-- Extracted records follows --
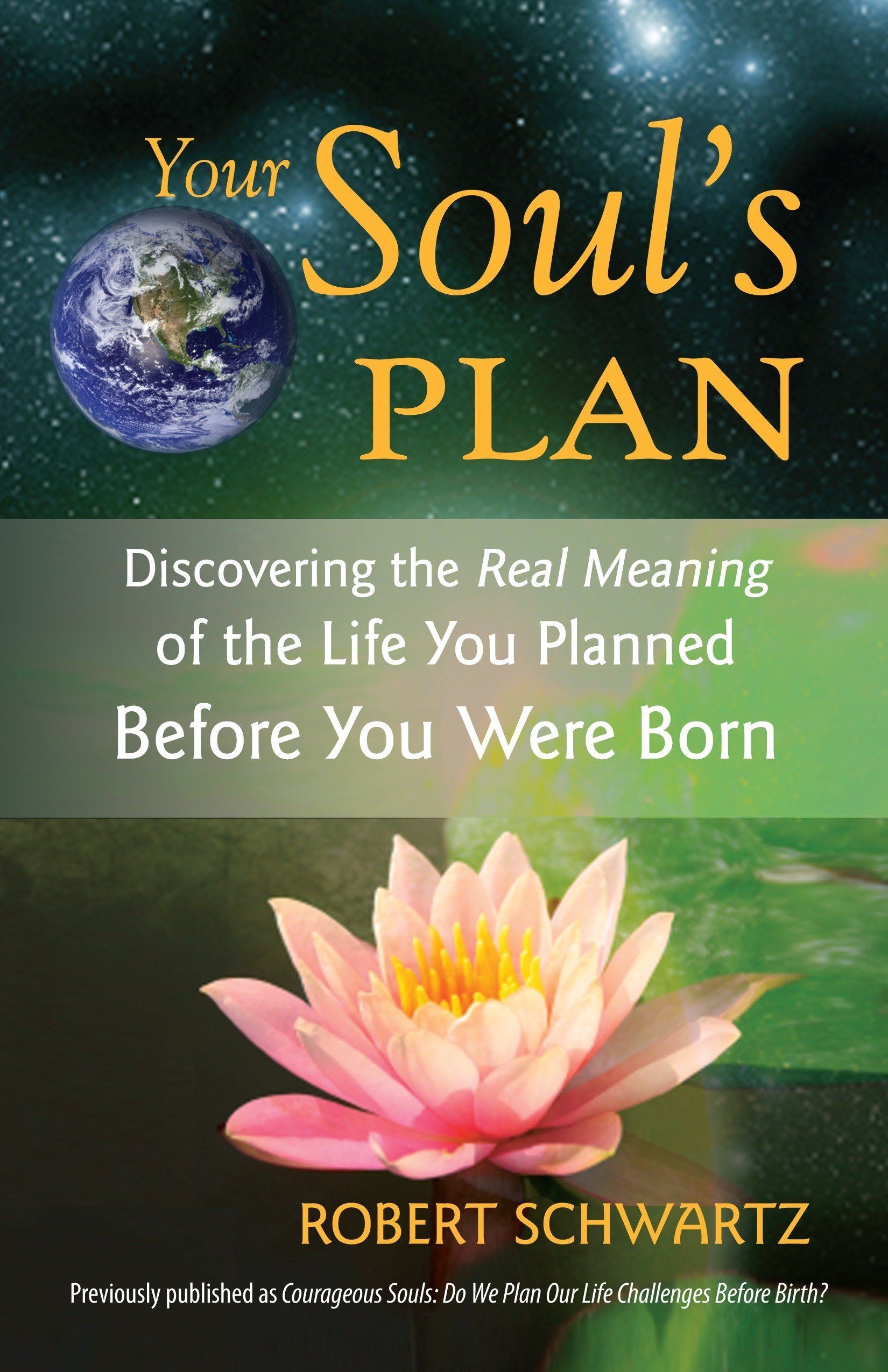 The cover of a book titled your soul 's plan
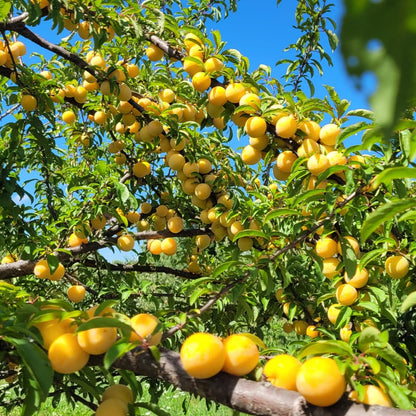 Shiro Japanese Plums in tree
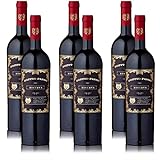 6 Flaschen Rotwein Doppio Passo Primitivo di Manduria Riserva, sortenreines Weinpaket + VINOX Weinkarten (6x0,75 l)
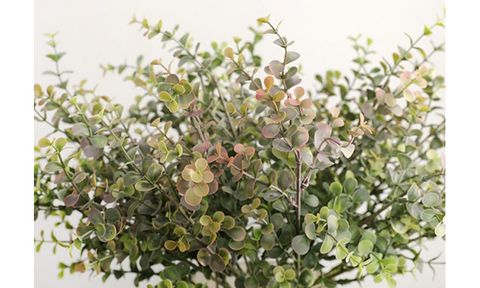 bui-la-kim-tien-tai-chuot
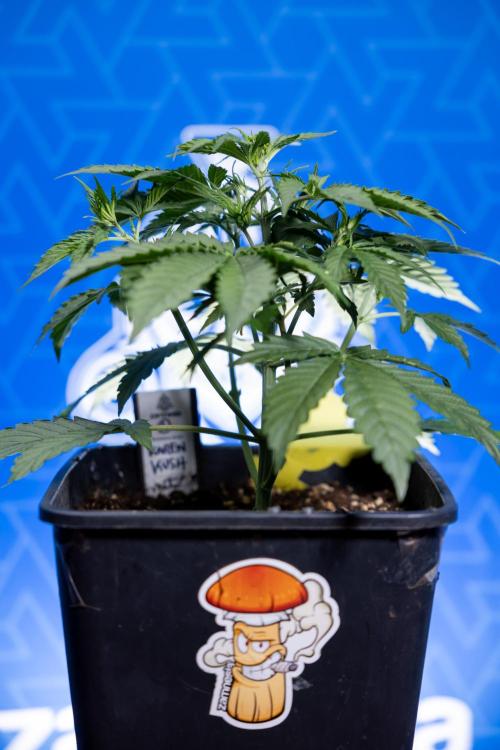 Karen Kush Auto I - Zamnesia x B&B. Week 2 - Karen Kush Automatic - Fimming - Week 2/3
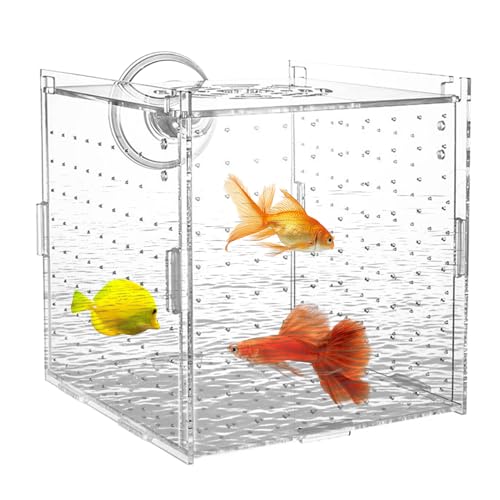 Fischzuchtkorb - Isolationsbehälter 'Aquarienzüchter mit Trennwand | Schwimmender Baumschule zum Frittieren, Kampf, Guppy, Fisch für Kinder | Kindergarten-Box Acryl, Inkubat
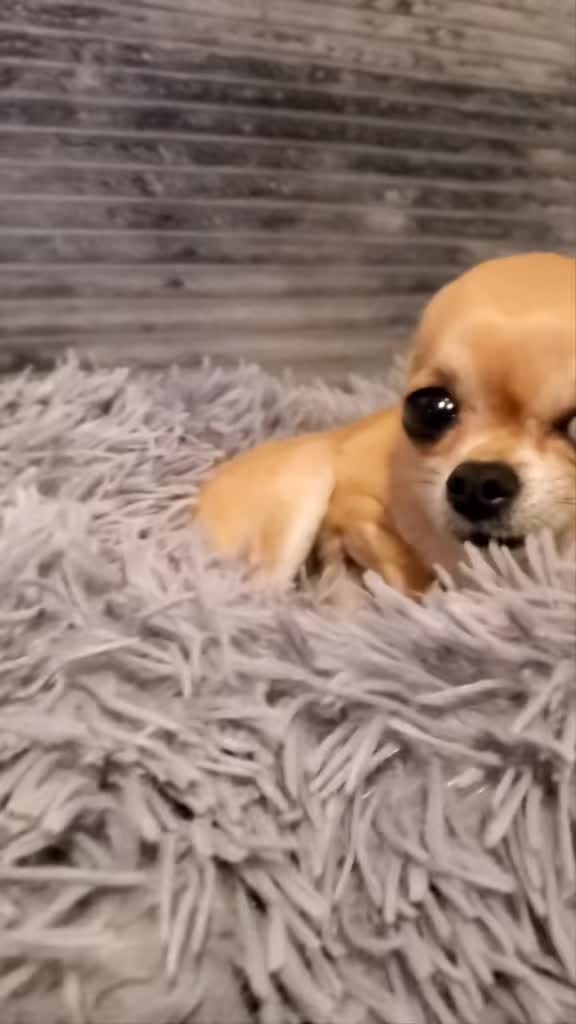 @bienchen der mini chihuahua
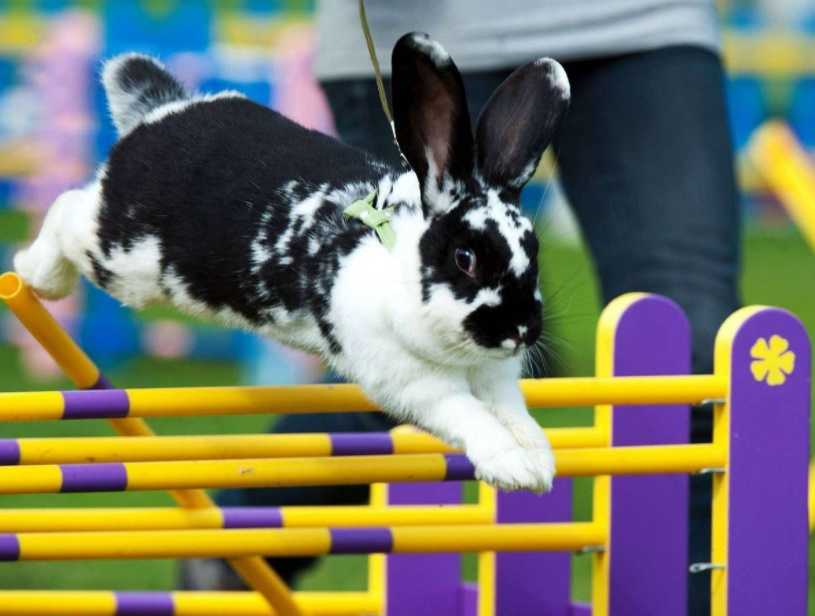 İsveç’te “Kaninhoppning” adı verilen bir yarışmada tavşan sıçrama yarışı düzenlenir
-- Extracted records concluded --
Only the lines above from the one containing "6 Flaschen Rotwein" through the one containing "Karen Kush Auto I" should be returned, verbatim and inclusive, with pictures excluded.

 6 Flaschen Rotwein Doppio Passo Primitivo di Manduria Riserva, sortenreines Weinpaket + VINOX Weinkarten (6x0,75 l)
 bui-la-kim-tien-tai-chuot
 Karen Kush Auto I - Zamnesia x B&B. Week 2 - Karen Kush Automatic - Fimming - Week 2/3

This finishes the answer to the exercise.